WORK ITEM:
Transcribe word for word the lines below from the line with "1261 - Efficiency" through the line with "3404 Pine Knoll Rd.", ends included.

Short web captions:
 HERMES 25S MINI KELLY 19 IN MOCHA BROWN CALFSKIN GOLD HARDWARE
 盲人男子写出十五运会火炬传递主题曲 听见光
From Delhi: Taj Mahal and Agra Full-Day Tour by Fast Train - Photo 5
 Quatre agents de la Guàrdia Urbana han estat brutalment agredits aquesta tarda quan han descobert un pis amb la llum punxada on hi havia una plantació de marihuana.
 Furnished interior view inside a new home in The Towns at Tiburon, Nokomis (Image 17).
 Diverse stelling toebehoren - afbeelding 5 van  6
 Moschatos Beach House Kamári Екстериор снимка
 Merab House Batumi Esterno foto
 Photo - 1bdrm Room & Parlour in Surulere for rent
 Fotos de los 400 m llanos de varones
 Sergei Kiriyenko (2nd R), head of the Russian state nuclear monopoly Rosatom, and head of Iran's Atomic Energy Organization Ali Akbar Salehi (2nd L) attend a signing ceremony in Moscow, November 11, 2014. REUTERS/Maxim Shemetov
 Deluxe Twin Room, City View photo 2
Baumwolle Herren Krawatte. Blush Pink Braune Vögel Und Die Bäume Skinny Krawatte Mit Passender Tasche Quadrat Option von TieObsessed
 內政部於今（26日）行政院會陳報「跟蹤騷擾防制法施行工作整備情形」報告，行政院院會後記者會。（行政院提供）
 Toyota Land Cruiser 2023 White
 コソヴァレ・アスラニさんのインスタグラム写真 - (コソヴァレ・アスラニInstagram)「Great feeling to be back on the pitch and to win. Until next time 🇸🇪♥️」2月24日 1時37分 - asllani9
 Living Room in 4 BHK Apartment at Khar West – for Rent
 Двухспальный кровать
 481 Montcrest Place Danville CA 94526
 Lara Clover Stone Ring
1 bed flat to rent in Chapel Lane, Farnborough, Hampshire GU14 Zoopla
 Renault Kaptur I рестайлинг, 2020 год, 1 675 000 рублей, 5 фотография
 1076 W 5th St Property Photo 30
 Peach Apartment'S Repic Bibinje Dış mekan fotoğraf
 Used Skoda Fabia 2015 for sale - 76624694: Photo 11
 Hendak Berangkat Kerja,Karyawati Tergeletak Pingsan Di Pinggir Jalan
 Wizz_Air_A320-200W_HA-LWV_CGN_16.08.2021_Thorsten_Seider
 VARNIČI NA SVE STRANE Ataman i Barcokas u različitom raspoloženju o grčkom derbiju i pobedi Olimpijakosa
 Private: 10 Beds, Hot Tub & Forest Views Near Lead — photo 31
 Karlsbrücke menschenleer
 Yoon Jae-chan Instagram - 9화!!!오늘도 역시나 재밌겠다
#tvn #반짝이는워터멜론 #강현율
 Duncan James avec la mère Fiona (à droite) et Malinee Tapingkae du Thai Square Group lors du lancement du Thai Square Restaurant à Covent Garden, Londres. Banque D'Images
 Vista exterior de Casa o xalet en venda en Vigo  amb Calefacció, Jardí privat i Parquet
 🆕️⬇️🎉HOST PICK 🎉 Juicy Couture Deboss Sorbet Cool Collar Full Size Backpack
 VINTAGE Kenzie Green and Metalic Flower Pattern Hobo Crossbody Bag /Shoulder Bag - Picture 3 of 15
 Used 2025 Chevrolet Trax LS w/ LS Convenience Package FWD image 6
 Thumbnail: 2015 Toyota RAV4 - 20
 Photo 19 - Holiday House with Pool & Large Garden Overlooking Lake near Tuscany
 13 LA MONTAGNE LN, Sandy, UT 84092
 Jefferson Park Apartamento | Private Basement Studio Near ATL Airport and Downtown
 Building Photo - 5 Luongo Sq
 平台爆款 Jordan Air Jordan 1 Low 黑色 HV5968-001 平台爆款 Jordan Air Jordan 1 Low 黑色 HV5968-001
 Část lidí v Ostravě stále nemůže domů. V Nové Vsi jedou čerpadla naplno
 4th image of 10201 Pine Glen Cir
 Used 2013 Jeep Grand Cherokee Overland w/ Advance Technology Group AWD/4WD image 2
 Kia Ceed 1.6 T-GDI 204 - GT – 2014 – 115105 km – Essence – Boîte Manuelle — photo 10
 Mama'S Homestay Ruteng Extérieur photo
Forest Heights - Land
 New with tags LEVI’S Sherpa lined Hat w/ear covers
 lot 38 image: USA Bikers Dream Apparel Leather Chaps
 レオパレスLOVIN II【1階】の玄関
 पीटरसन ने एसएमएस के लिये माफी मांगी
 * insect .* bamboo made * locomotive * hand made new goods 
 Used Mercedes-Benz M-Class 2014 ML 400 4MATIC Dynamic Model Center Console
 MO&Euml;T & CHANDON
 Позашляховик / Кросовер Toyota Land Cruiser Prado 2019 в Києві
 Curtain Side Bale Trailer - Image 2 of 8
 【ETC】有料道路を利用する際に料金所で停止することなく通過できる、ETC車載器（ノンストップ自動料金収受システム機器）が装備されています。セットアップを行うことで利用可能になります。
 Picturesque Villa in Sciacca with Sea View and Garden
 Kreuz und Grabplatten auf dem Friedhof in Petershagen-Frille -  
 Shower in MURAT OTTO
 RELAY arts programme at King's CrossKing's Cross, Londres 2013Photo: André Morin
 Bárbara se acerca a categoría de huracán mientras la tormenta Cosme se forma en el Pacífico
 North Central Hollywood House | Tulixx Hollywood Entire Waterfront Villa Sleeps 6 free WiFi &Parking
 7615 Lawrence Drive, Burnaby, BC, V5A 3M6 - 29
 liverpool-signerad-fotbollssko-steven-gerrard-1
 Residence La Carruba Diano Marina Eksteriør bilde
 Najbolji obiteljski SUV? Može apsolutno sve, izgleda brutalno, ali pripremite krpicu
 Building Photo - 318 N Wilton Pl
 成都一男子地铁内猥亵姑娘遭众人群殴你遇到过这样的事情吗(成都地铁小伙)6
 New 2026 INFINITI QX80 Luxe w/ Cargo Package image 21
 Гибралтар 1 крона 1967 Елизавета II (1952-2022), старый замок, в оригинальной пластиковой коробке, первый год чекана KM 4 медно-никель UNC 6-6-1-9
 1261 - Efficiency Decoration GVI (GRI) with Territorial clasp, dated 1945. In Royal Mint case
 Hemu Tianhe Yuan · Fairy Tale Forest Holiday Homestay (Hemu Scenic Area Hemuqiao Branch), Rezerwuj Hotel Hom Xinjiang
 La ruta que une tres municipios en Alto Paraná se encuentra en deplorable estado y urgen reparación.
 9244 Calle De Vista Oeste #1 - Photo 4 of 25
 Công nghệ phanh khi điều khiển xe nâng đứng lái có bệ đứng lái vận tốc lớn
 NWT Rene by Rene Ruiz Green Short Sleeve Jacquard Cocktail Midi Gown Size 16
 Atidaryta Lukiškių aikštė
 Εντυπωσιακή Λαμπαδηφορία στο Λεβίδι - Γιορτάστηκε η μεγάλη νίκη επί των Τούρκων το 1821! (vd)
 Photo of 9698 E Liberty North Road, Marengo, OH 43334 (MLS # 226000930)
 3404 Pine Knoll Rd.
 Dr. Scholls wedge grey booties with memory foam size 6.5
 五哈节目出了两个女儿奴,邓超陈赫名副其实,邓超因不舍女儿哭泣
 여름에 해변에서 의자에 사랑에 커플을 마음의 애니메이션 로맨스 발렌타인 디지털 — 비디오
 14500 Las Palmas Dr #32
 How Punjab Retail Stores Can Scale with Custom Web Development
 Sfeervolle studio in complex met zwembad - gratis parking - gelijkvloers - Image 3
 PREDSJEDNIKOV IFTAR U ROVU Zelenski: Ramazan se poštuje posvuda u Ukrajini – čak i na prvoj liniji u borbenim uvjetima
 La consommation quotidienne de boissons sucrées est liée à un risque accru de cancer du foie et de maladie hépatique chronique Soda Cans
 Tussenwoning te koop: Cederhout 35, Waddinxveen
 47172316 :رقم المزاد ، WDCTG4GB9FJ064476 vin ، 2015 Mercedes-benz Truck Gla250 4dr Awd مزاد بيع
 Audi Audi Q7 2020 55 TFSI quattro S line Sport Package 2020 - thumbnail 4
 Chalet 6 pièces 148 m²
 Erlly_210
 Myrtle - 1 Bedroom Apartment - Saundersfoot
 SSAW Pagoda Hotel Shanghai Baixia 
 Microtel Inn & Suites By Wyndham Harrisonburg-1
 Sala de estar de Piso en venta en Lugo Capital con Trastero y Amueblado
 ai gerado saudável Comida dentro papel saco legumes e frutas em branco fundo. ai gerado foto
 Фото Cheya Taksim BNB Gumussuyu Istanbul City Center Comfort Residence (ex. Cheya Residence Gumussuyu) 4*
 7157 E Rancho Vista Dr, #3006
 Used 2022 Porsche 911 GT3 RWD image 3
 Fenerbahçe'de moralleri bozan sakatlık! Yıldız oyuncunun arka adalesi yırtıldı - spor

YOUR RESPONSE:
 1261 - Efficiency Decoration GVI (GRI) with Territorial clasp, dated 1945. In Royal Mint case
 Hemu Tianhe Yuan · Fairy Tale Forest Holiday Homestay (Hemu Scenic Area Hemuqiao Branch), Rezerwuj Hotel Hom Xinjiang
 La ruta que une tres municipios en Alto Paraná se encuentra en deplorable estado y urgen reparación.
 9244 Calle De Vista Oeste #1 - Photo 4 of 25
 Công nghệ phanh khi điều khiển xe nâng đứng lái có bệ đứng lái vận tốc lớn
 NWT Rene by Rene Ruiz Green Short Sleeve Jacquard Cocktail Midi Gown Size 16
 Atidaryta Lukiškių aikštė
 Εντυπωσιακή Λαμπαδηφορία στο Λεβίδι - Γιορτάστηκε η μεγάλη νίκη επί των Τούρκων το 1821! (vd)
 Photo of 9698 E Liberty North Road, Marengo, OH 43334 (MLS # 226000930)
 3404 Pine Knoll Rd.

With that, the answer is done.